I lurk around PersonalityCafe. Mostly the ISFJ and INTP forums because they are very relevant to my interests. I've only ever posted in the ISFJ forum though.

I also lurk around an RP forum or two.

I've _registered_ at several other forums but I usually only make a post or two before I lose interest and forget about them. D:


----------



## Coloursfall (May 1, 2010)

I mostly hang out here, and I post sparingly on the DC forums as well. I joined a few (Serebii, etc) but don't go to them anymore...and I help run one, intended for RPing (the PAL forums)

I need to get more social :V


----------



## Exo-Raikou (May 1, 2010)

The only other forum I'm part of is ETC. I used to be part of Pokemon Dream, but that story is one I'd prefer not to touch on (think of it as a Noodle Incident)


----------



## Harlequin (May 1, 2010)

I'm a member of RPG-D, RPG-U, RPG-C, CAUTION! 2.0, Red Carpet & Rebellion v2.0, a roleplaying forum called Iron Butterfly and my own HP RP, Stonewall Institute. I'm also a moderator at GoVTeen.

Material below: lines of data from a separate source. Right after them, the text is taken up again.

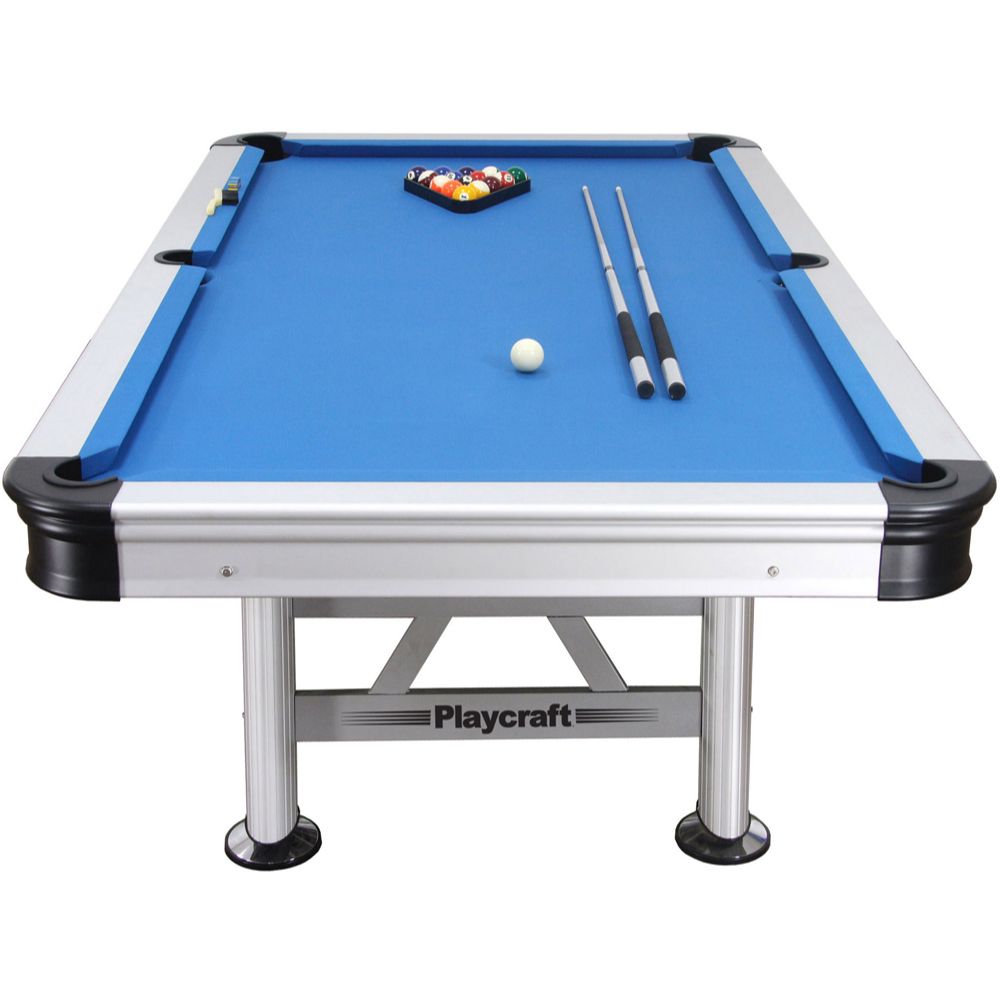 Playcraft Extera 8' Outdoor Pool Table with Accessories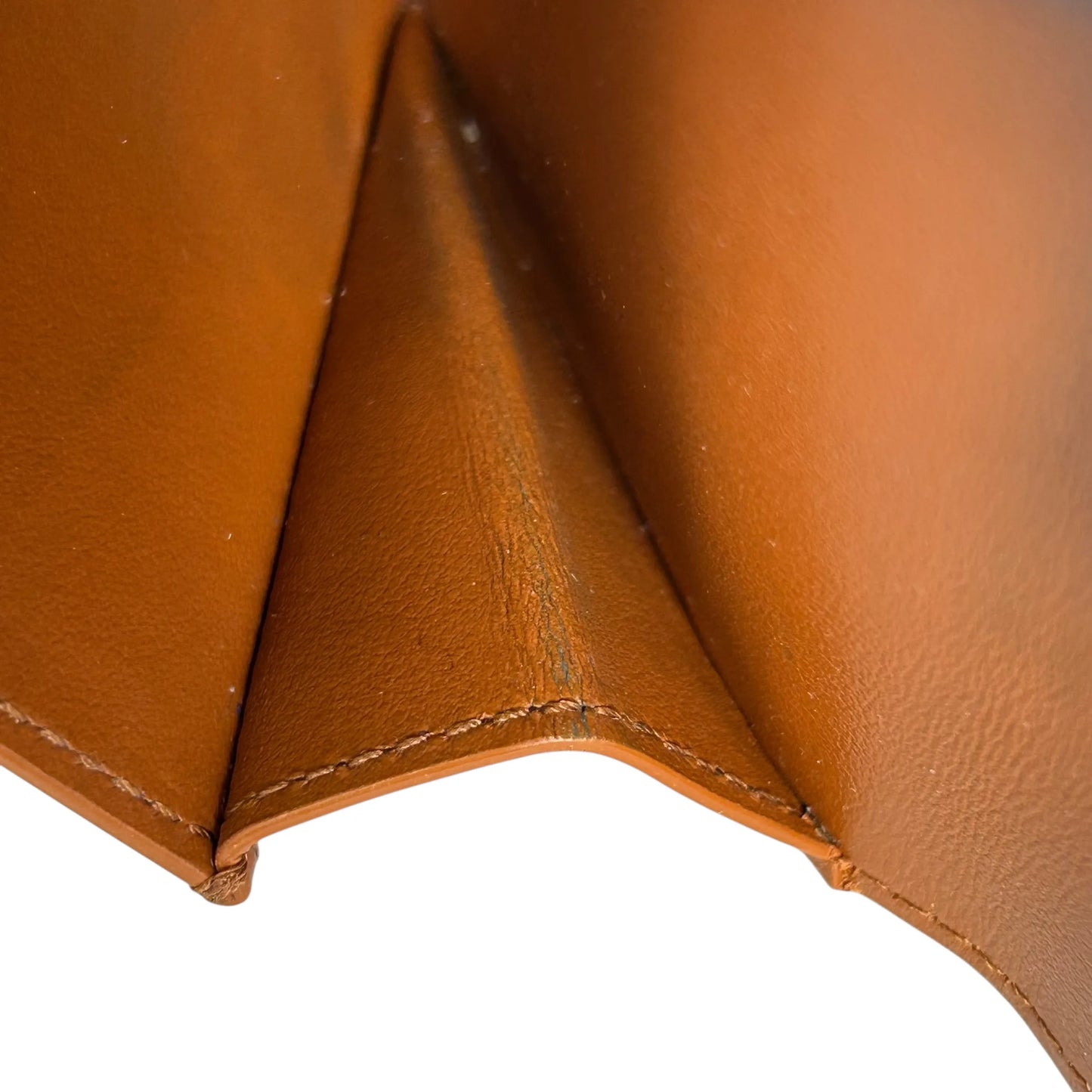 CELINE Triomphe Calfskin Small Compact Wallet - Brown 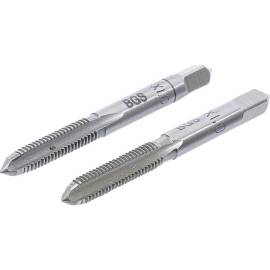 Tarauds et Filières M6 x 1,0 mm - Lot de 2 pcs - Acier, Précision et Durabilité, Pro - D-Work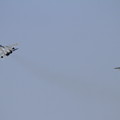 写真: F-15J Low approach後Left  break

I'm a member at the ModTheSims forums (formerly Sims2Community) but I haven't posted in months.


----------



## nastypass (May 1, 2010)

I lurk on Smogon, occasionally post on TF2Maps.net.  There are some other TF2-related ones, but there are like five other people that play TF2 here, so.


----------



## Shiva64 (May 1, 2010)

This is really the only forum I go on. I mean, I have registered on _some_ others, but only to see/read things I can't as a guest.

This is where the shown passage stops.